What happens to the money in the 115 Trust? They can be invested with CalPers or with a third-party administrator. There are many third-party investment managers out there seeking this money that claim they can beat CalPers. A competitive process is generally held to hire an investment manager.
As some have pointed out, you can create a 115 Trust with a negligible initial investment. This is meaningless and the equivalent of doing nothing. If the City takes the time, and money, to create a trust which then carries a $0 balance for years, this is WORSE than doing nothing and would and should be used as evidence that the entire creation was a sham intended to make it LOOK like our fair City was committed to paying down its debt.
Step 2: Act: We are looking at YOU City Council!
Time to act. The only way to accomplish this and give it sticking power is to make the Policy Law. We are calling on the City Council to create a Pension Cost Management Committee charged with adopting a Pension Funding Plan. We are calling on FAB to make recommendations to the Committee and City Council for affordable but meaningful pension funding levels. We recommend that this be put in place and numbers finalized so that they can be included in the F.Y. 2023-24 City Budget and the long-range plan.

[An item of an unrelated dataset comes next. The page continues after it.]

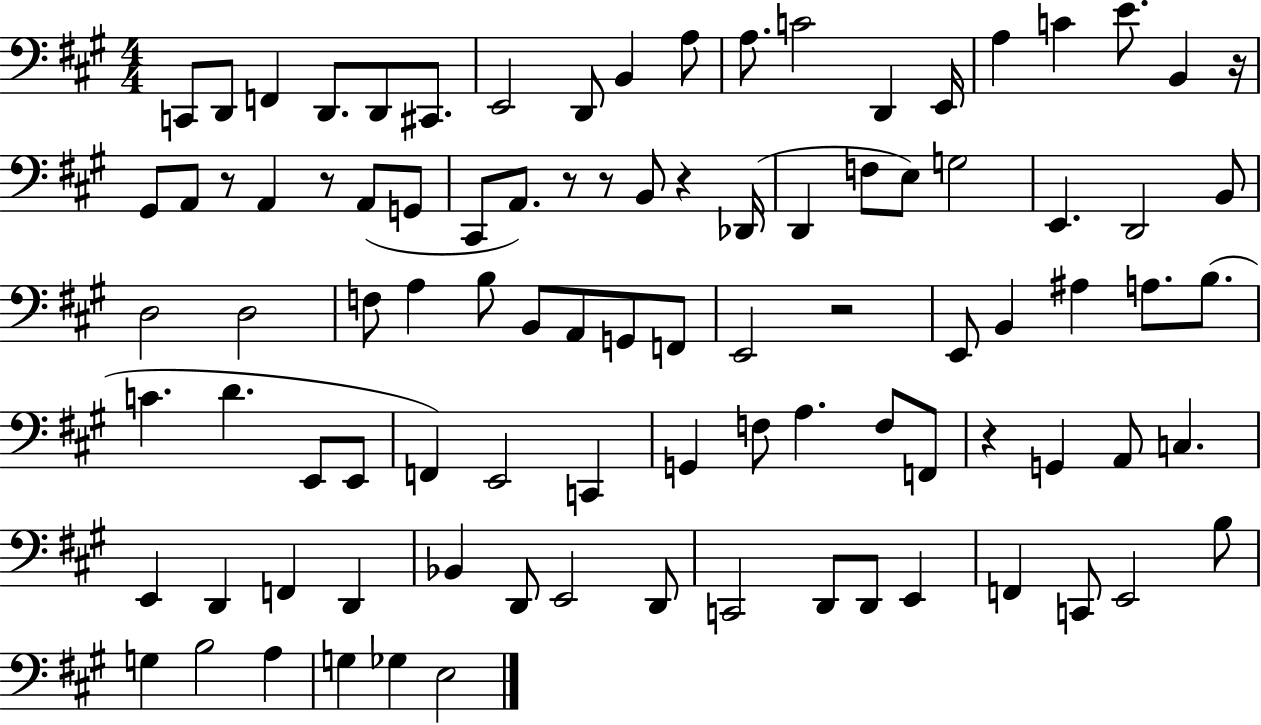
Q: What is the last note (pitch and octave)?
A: E3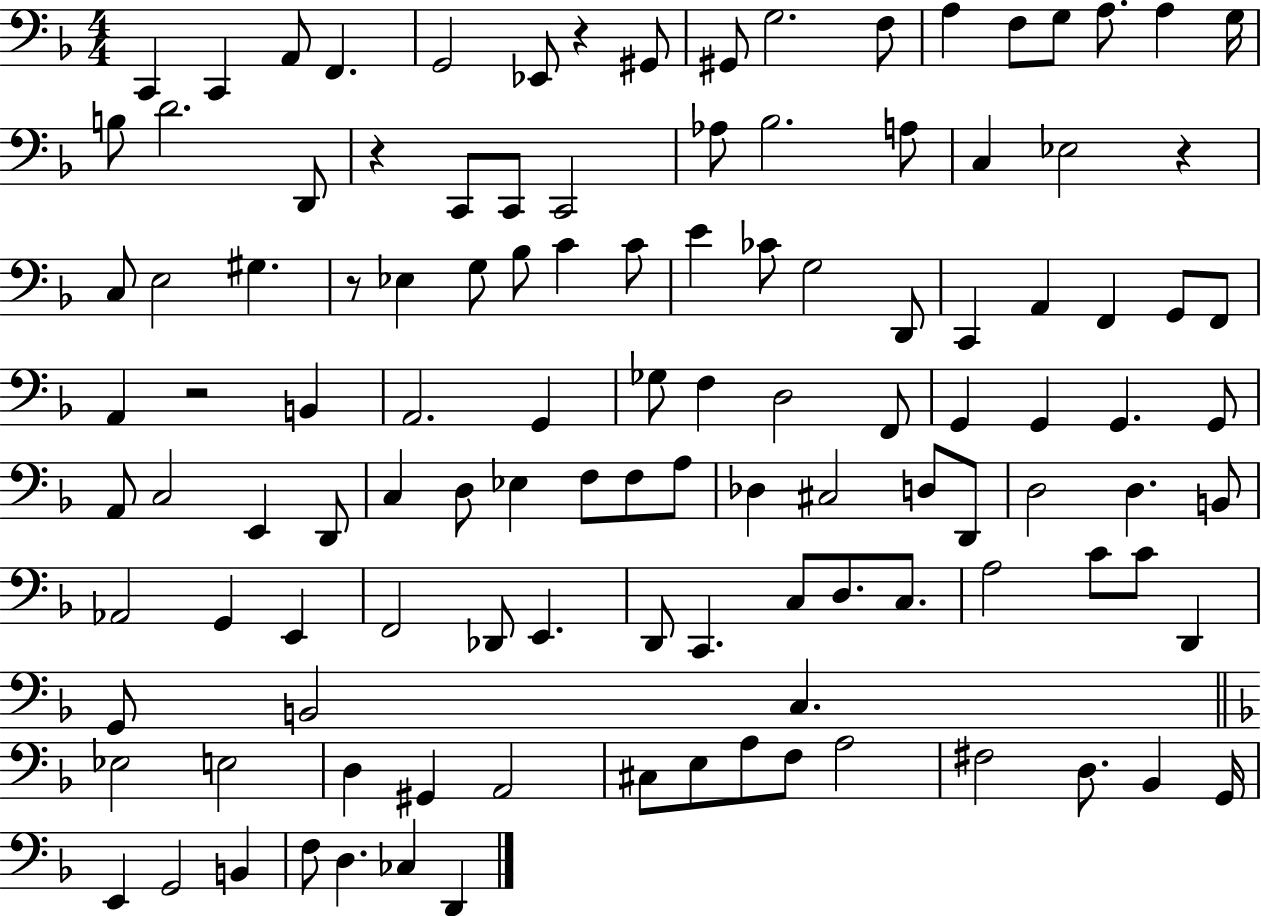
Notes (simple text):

I keep scratching my head and wondering why the city is so focused on creating a 115 Trust in order to address its crushing pension debt. As this blog points out, just *creating* the 115 Trust is meaningless; it simply creates an empty box in which to set aside money for the future, but it’s necessary to *set aside* the money for it to have any value at all. And if the city were prepared to set aside money for its pension obligations, it can just give the money to CalPERS to reduce the pension debt right now. I could have been doing this every year throughout the economic boom years of the 2010s. No need for the 115 Trust! So I scratch my head, but only for a second, because — duh — the reason for the focus on the 115 Trust is to create the *impression* of action to address the problem but without the need to actually do the hard part of putting money towards the problem. In fact, what’s probably envisioned is that they’ll create the Trust, pat themselves on the back for having done such a terrific and hard thing, and then start talking about how a new tax is needed in order to fund the Trust. Because, y’know, the solution to *every* problem is a new tax. Never mind that the four new taxes that voters approved over the past ten years all failed to solve the problem that they were advertised to solve, because the city never does it’s part of the job (competent budgeting and cost control).